> [What you have to do] The lines from the one holding "Bedroom with a" through the end of the records below are to be written out exactly, and nothing else; pictures are to be left out.

> [Supplied records]
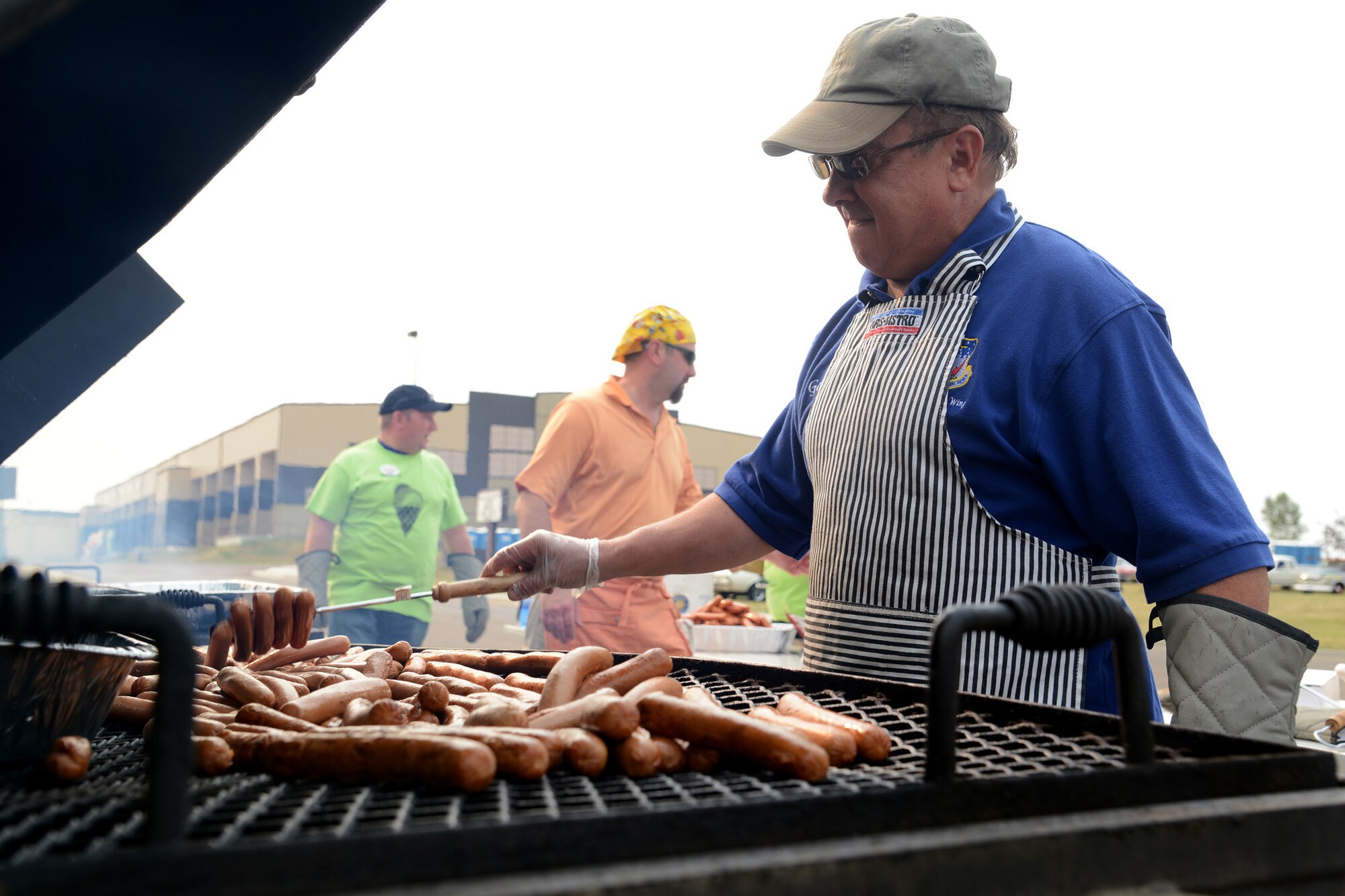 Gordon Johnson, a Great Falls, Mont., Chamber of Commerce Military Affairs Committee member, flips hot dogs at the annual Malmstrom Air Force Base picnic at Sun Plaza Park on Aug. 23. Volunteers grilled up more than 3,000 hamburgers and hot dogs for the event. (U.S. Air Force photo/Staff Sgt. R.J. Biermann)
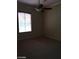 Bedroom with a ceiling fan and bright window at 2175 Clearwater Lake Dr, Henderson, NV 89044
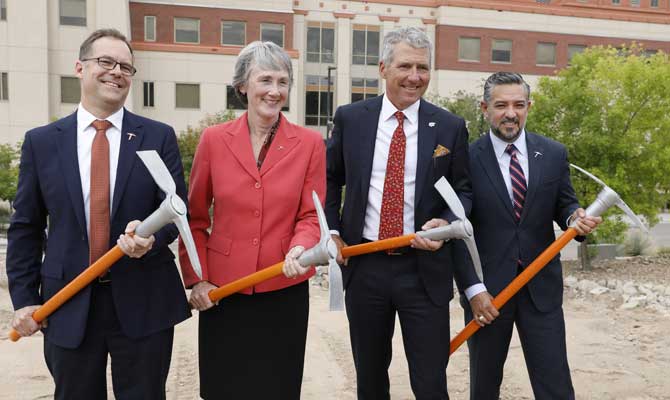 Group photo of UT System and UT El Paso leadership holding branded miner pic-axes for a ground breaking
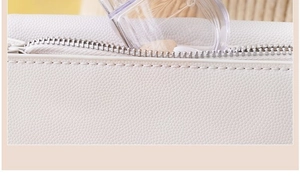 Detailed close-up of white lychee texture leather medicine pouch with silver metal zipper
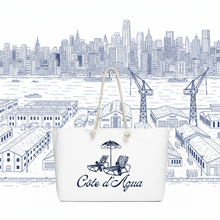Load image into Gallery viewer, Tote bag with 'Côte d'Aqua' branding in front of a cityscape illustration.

> [Response to this exercise]
 Bedroom with a ceiling fan and bright window at 2175 Clearwater Lake Dr, Henderson, NV 89044
 Group photo of UT System and UT El Paso leadership holding branded miner pic-axes for a ground breaking
 Detailed close-up of white lychee texture leather medicine pouch with silver metal zipper
Load image into Gallery viewer, Tote bag with 'Côte d'Aqua' branding in front of a cityscape illustration.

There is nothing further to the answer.